| From: | Andrew Kim <tenistarkim(at)gmail(dot)com> |
|---|---|
| To: | John Naylor <johncnaylorls(at)gmail(dot)com> |
| Cc: | pgsql-hackers(at)lists(dot)postgresql(dot)org, Oleg Tselebrovskiy <o(dot)tselebrovskiy(at)postgrespro(dot)ru> |
| Subject: | Re: Proposal for enabling auto-vectorization for checksum calculations |
| Date: | 2025-10-24 07:48:45 |
| Message-ID: | CAK64mnejn9AZMYz03e7HX8Uui35PihUuOy=b+iBG=YtRKx0Log@mail.gmail.com |
| Views: | Whole Thread | Raw Message | Download mbox | Resend email |
| Thread: | |
| Lists: | pgsql-hackers |
Hi John,
Thank you for your review on the previous patch versions.
I've carefully addressed your concerns and those raised by Oleg,
specifically focusing on patch separation and simplification of the
configure tests. I am submitting the new version (V8) as two distinct
patches:
V8-0001: Pure refactoring (moving files, updating includes).
V8-0002: Adding the AVX2 feature (detection, dispatch, and optimization).
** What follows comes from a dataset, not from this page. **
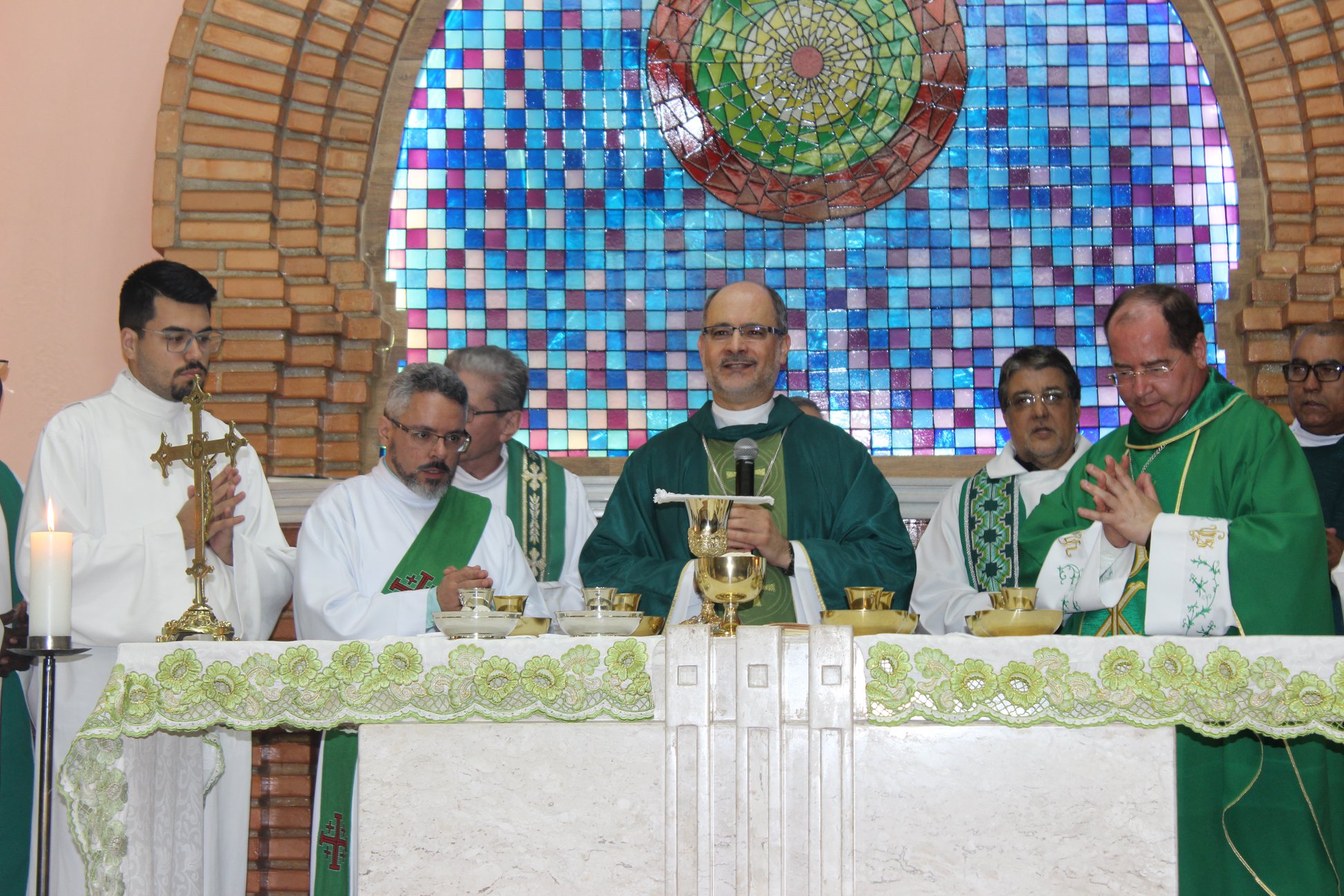 Comunidades se unem para celebrar os 30 anos de sacerdócio de dom Joaquim Mol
As requested, I've used in-line responses below to clarify how each
point was handled.
On Mon, Oct 20, 2025 at 8:30 PM John Naylor <johncnaylorls(at)gmail(dot)com> wrote:
>
> On Fri, Oct 17, 2025 at 2:15 PM Andrew Kim <tenistarkim(at)gmail(dot)com> wrote:
> >
> > Hi John,
> >
> > Thank you for your detailed and constructive feedback on the checksum
> > AVX2 optimization patch.
> > I've carefully addressed all of your concerns and am pleased to share
> > the updated V6 implementation.
>
> Great! I know we're on v7 now, but I'm going to make a request for
> next time you respond to a review: Respond in-line to each point. As I
> mentioned before,
>
> > On Wed, Oct 1, 2025 at 10:26 PM John Naylor <johncnaylorls(at)gmail(dot)com> wrote:
> > > (BTW, we discourage top-posting and prefer to cut to size and
> > > use inline responses)
>
> Please don't top-post again, as it clutters our archives in addition
> to making it easy to forget things. I'm now going to copy the things
> that were either not addressed or misunderstood:
>
I apologize for the top-posting in the previous response. I've
switched to the preferred in-line response format for this and all
future correspondence.
> > > I think a good first refactoring patch would be to move
> > > src/backend/storage/checksum.c (which your patch doesn't even touch)
> > > to src/port (and src/include/storage/checksum.h to src/include/port)
> > > and have all callers use that. With that, I imagine only that
> > > checksum.c file would include checksum_impl.h.
> > >
> > > If that poses a problem, let us know -- we may have to further juggle
> > > things. If that works without issue, we can proceed with the
> > > specialization.
>
> That means the first patch moves things around without adding any
> platform-specific code, and the next patch adds the specialization. I
> think that would be a lot easier to review and test, especially to
> avoid breaking external programs (see below for more on this). A
> committer can always squash things together if it make sense to do so.
>
Patch V8-0001 (Move-checksum-functions...): This is now a pure
refactoring patch. It simply moves checksum.c and its headers from
storage/ to port/ and updates the #include paths in all callers
(rawpage.c, pg_checksums.c, etc.). It contains no AVX2 or ISA-specific
code.
Patch V8-0002 (Add-AVX2-optimization...): This patch builds upon the
first, adding all the new AVX2 functionality, detection, and dispatch
logic.
> > > + #if defined(__has_attribute) && __has_attribute (target)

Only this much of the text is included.